TAGS: Giant, destruction, vore, violent, crushing, M/f, M/m

During most days of the year, Gadon Island was only inhabited by a few hundred people. It was during the summer that the tourists came in droves, quickly overtaking the island’s only town, Angstrom. The locals put up with them because they spent their money freely…that, and they needed people for the Offering that occurred once every fifty years.

And, unfortunately for the tourists visiting Gadon Island, this was an Offering year.

***

Tobias was the mayor of Angstrom and had been for many years. He looked like a stereotypical New Englander, his lean face perpetually pinched by an expression of mistrust. To the tourists, he appeared to be in his early forties but in reality, he was much, much older. In fact, he could recall the time before the American Revolution, although those memories were dim and distant. Immortality was one of the benefits of serving Him, although that meant that Tobias and the other islanders could never leave. They were trapped here, forever.

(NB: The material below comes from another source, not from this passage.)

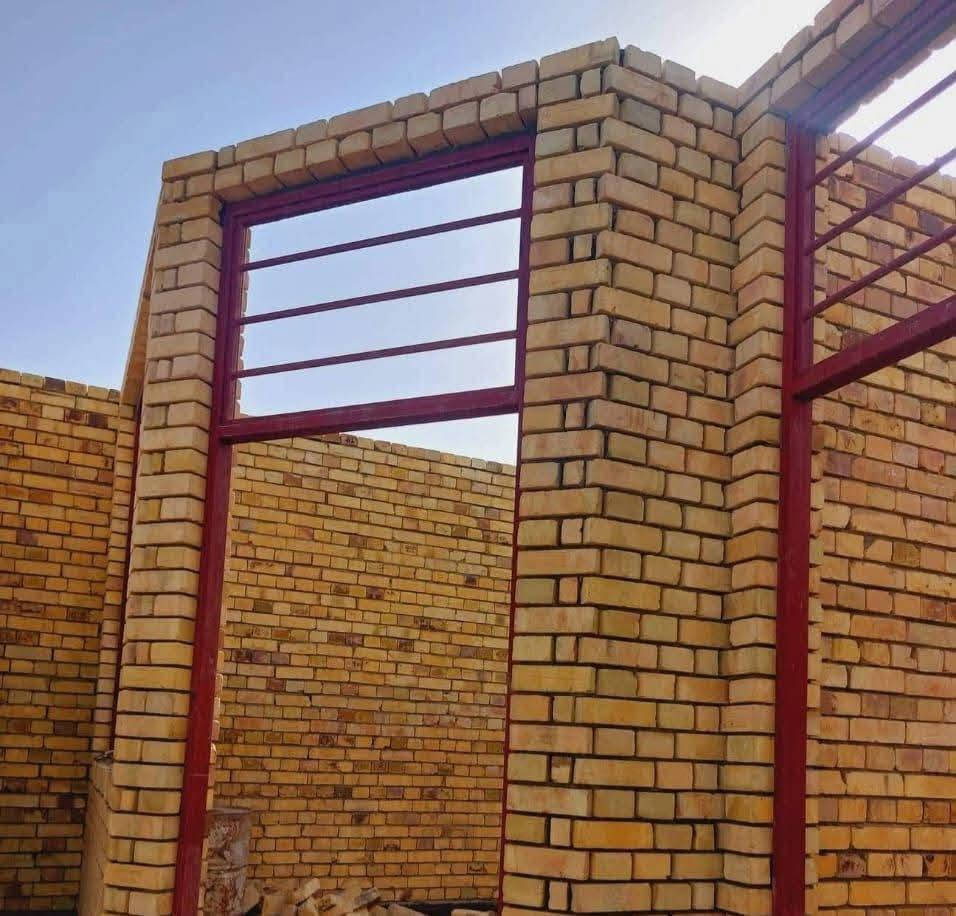 سلام عليكم خلفه بناه طابوك بلوك فرمستون درجة اوله اشرف مهندسين مصداقيه بعمل ولتزام بلعمل باسعار مناسبه انتصل وبيك خير ودلل ***********
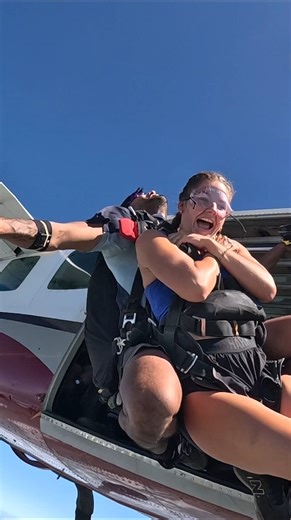 🪂 Get $150 off when you book a skydive for two, ends 31 December! | Skyone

The tourists never really suspected anything. Tobias would get questions from time to time about the lack of traditional places of worship such as churches and synagogues. There was one white clapboard building that resembled a Congregational church, except for the symbols that none of the tourists understood. This was His place of worship, a being that the locals simply called The God. When they did speak of Him, it was in hushed tones, for He was a terrible deity, ravenous in His appetites. What He wanted most of all were human lives and He came for His due every fifty years.

On the day of His arrival, Tobias walked up to one of the highest points on the island. There wasn’t anything there but the old lighthouse that was automated these days. The spot gave him a good view of the ocean and one of the beaches below. It was sunset but tourists were still on the beach, just as he expected. The islanders had arranged for a large end-of-summer celebration, complete with music and copious amounts of free alcohol, in order to lure unsuspecting victims to the beach. Of course, none of the locals were there.

They knew He was coming.

Tobias glanced down at the people far below, mostly college students and young couples, and wished that he could feel regret. But he had participated in this ritual too many times. All he felt was a dull emptiness as the air began to rise in temperature and the barometric pressure dropped, which were always the first signs. His attention turned toward the ocean, where the setting sun shone bright red against the water. The waves were beginning to pick up, crashing into the quay.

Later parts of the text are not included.